Rabbi Joseph Soloveitchik explained that there are essentially two forms of slavery. The first is juridical, a political state of enslavement in which man becomes the prisoner of another man. This state reduces humans to chattel, an object to be bought and sold, a thing serving as the private property of an owner. The slave’s productivity – even his very being – belongs to his master. He is exploited and humiliated by a political system that so degrades his status. But there is a light at the end of the tunnel. He can one day be freed and restored to full human stature.

But the second type of slavery, while far less overtly discomfiting, is actually much more severe. This is typological slavery, a mental state of servitude rather than politically imposed enslavement. There are people whose will has been broken and whose ego has been effaced. They think, feel, and act in a distinctively docile manner. They have lost hope. Their ability to conduct themselves as free men has been constricted and manipulated. Dreams and ambitions which they once cherished have dissipated and their hopes for the future have been crushed. They are disinclined to take responsibility for their actions and they submerge their individuality beneath that of another, be it a person, a company, or the state. This slave mentality can be found even among politically liberated peoples. Witness the fact that after Moses had redeemed the Jewish people from Egypt, he sent a group of slaves to spy out the land and determine the most efficient way to conquer it. Yet they returned with a dispiriting report: “The Land is filled with giants… and we were in their sight as grasshoppers, and so we appeared to ourselves as well.” Such feelings of inferiority would not have allowed for the conquering of the land, and thus God decided to wait forty more years – until that entire generation had been replaced – before allowing Jews to enter the land and acquire it. Pervasive feelings of low self-esteem and a lack of self-confidence – so common in our culture – is an iteration of this typological enslavement. It is far easier to take the man out of prison than it is to take the prison out of man. While the former is enslavement of the body, the latter is the enslavement of the mind.
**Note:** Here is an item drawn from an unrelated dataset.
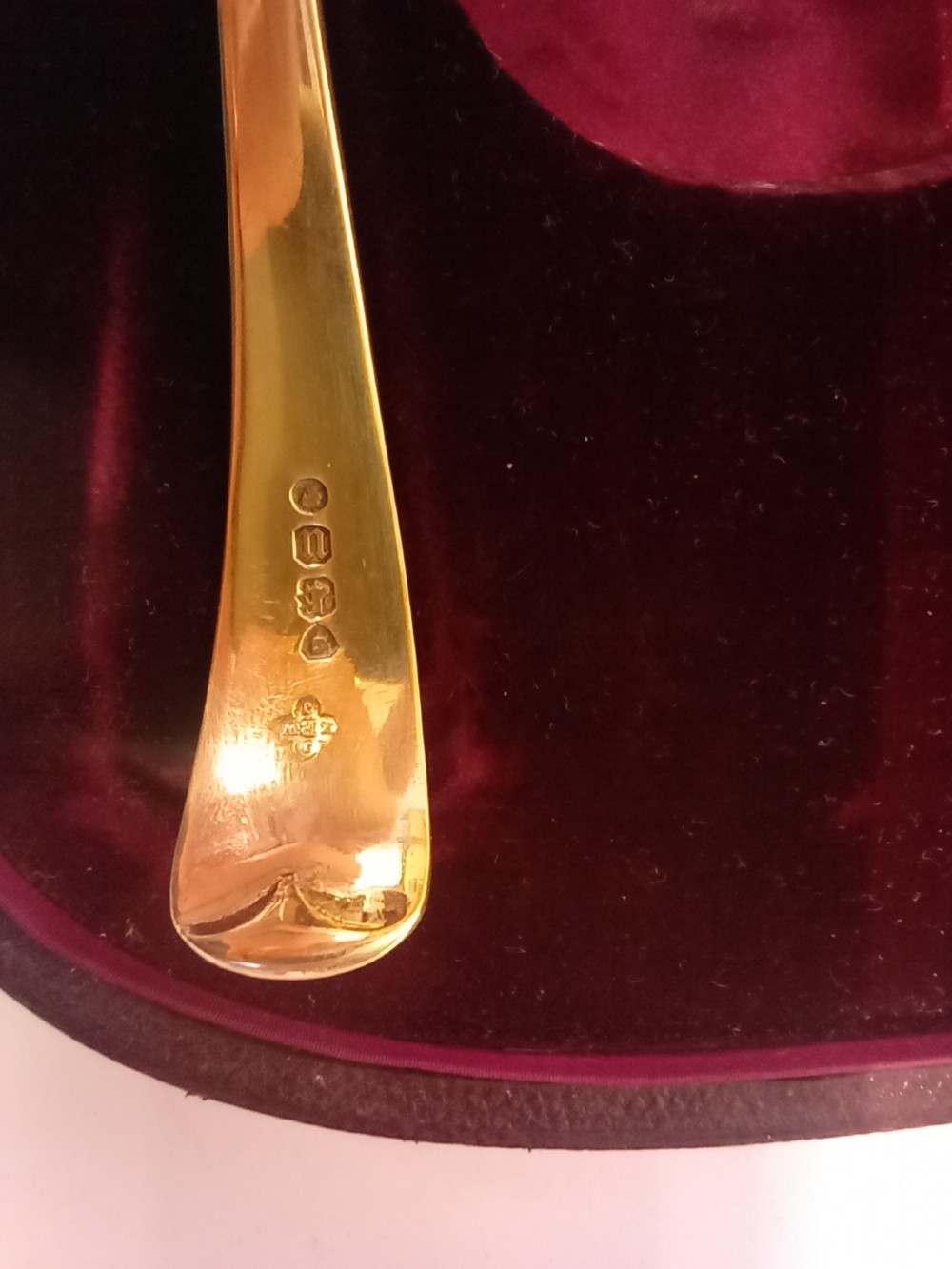 A dark presentation case lined with purple silk containing two embossed silver-gilt berry spoons and a pierced sugar sifter spoon. View IV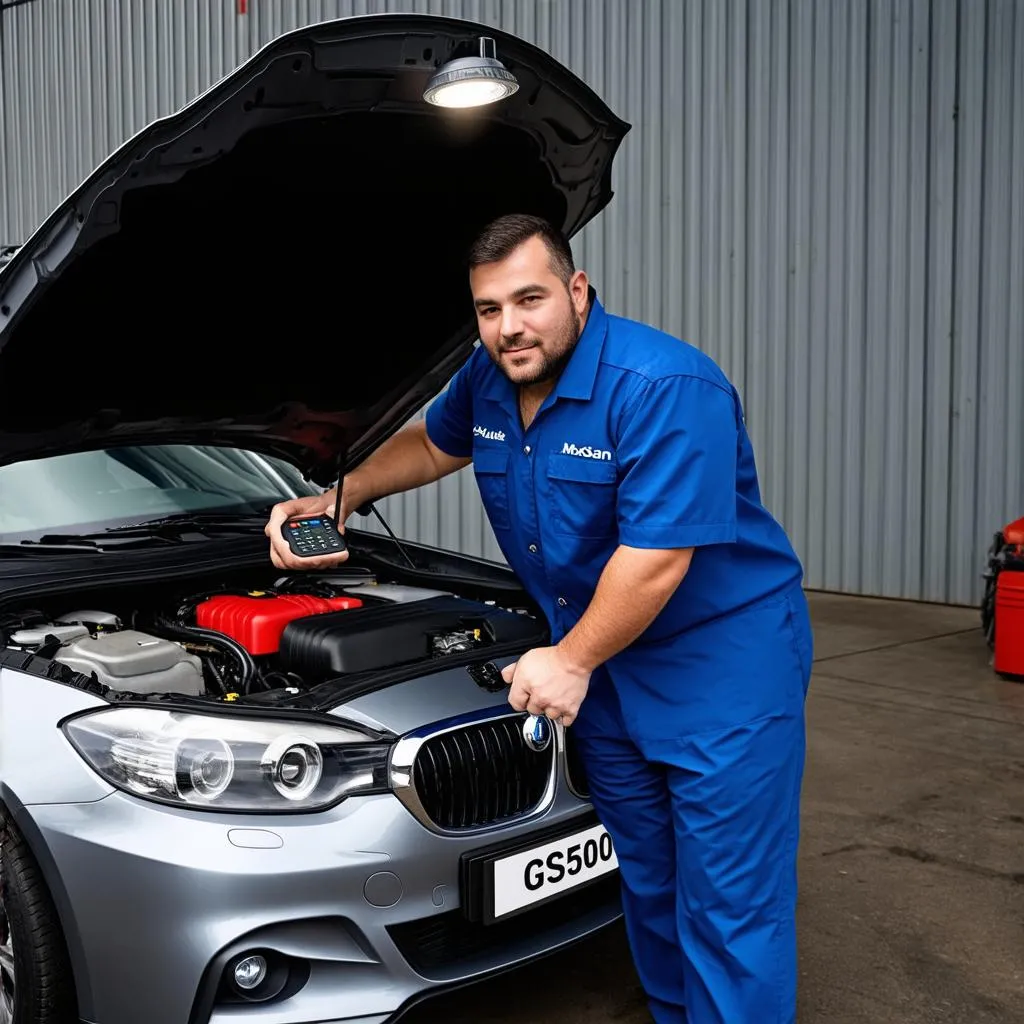 Mechanic Working on European Car Engine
When I was a boy I promised myself that I would never get upset except over things that really mattered. Now that I am a man I am stunned at how often I have broken that pledge and allowed trifling nuisances to irritate me. And in so I acknowledge just how imprisoned I remain.

I spoke with two brothers who were inseparable but have fallen out over a financial dispute. I beseeched the older to apologize to his sibling so as to reawaken their filial love. “I simply cannot. He was wrong and he should apologize.” “But that’s not the point,” I told him. “What is more important? To be right, or to have a brother? Here you have the opportunity to have your brother back. All it takes is a phone call. But you seem more interested in justice than family.” He tried to lift the receive to call his brother. He could not. He was imprisoned by his own stubbornness. I related to him that Passover is the time to liberate oneself of the incarceration of anger and disappointment.

A by-product of the constructive green wave which has swept our culture and made us more sensitive to the needs of our environment is the preposterous notion that whatever you feel naturally is good. If you’re angry, don’t bottle it in. It’s unhealthy to repress emotion. If you feel stifled in marriage, get out. Be liberated. People should scratch every itch, indulge every urge. But on Passover we go out of Mitzrayim, Egypt, which translates literally as natural limitations. Man is not a prisoner of his nature which can always be subordinated to human will. We are not to indulge destructive emotion but transcend it, not accommodate bitterness and cynicism but transform them.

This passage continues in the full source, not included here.